Original Redmine Comment Author Name: James (James) Original Date: 2021-05-28T15:16:16Z


I can see the tcp connections for the jms/graphics client (edit: only one client, three queues, three amqp over tcp connections) from within the eventsbroker container.

sh-4.4$ ss state connected -t | grep jms
ESTAB 0      0      172.19.254.196:jms  172.19.254.198:43318
ESTAB 0      0      172.19.254.196:jms  172.19.254.198:43322
ESTAB 0      0      172.19.254.196:jms  172.19.254.198:43326
epag commented 3 weeks ago

Original Redmine Comment Author Name: James (James) Original Date: 2021-05-28T15:20:37Z


sh-4.4$ ss --help | grep 'kill'
   -K, --kill          forcibly close sockets, display what was closed
epag commented 3 weeks ago

Original Redmine Comment Author Name: James (James) Original Date: 2021-05-28T15:32:40Z


Hmmmm, nothing.

sh-4.4$ ss -K dst 172.19.254.198 dport = 43318
Netid      State      Recv-Q      Send-Q             Local Address:Port             Peer Address:Port      Process

So I guess it cannot close this one, kernel won't allow it.

epag commented 3 weeks ago

Original Redmine Comment Author Name: James (James) Original Date: 2021-05-28T15:45:28Z


Ah.

sh-4.4$ zcat config.gz | grep CONFIG_INET_DIAG_DESTROY
1. CONFIG_INET_DIAG_DESTROY is not set
epag commented 3 weeks ago

Original Redmine Comment Author Name: James (James) Original Date: 2021-05-28T16:16:33Z


Seems not easy to get @tcpkill@, which is part of the @dsniff@ package?

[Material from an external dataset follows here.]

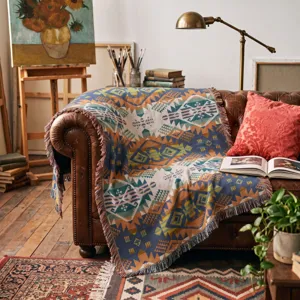 Manta tejida de estilo bohemio colocada sobre un sofá de cuero marrón en estudio.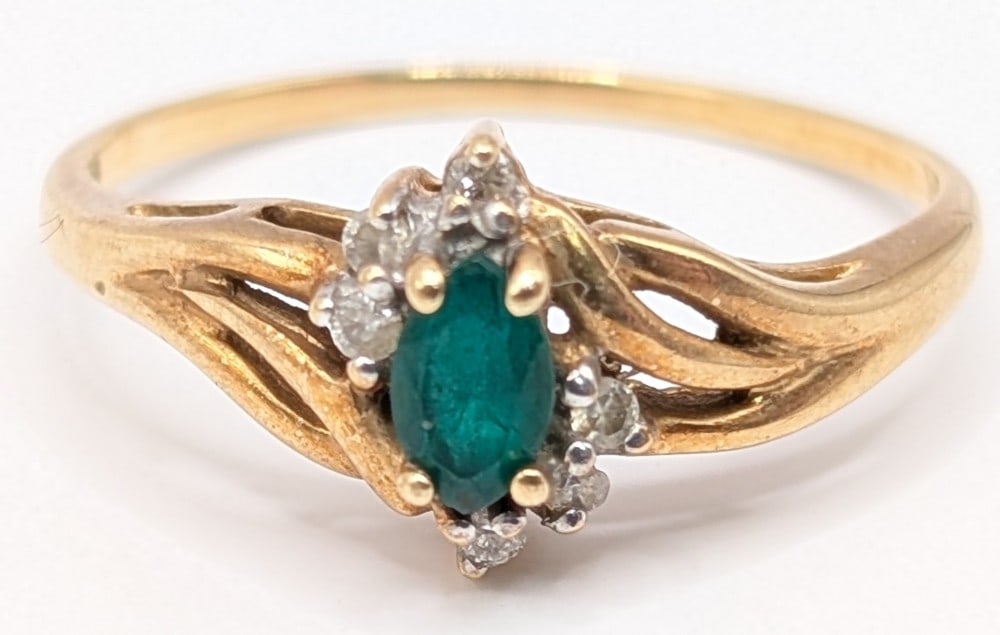 10K Gold Emerald & Diamond Ring: 10k yellow gold ring with marquis cut green emerald and diamond accents. Ring is size 6.5 and weighs 1.8 grams.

However, it does appear to take a different approach that would bypass the kernel (edit: I mean @CONFIG_INET_DIAG_DESTROY@), namely to sniff for tcp traffic and then formulate a correctly configured tcp reset packet. Obviously assumes that there is traffic though, so would hang indefinitely on an idle connection. I guess the tcp heartbeat would solve that too, but it would not allow us to formulate a test case with/without it.

Hmmmm, seems like a tough problem to simulate (even ignoring that we don't know exactly what happened in #92536). Open to ideas.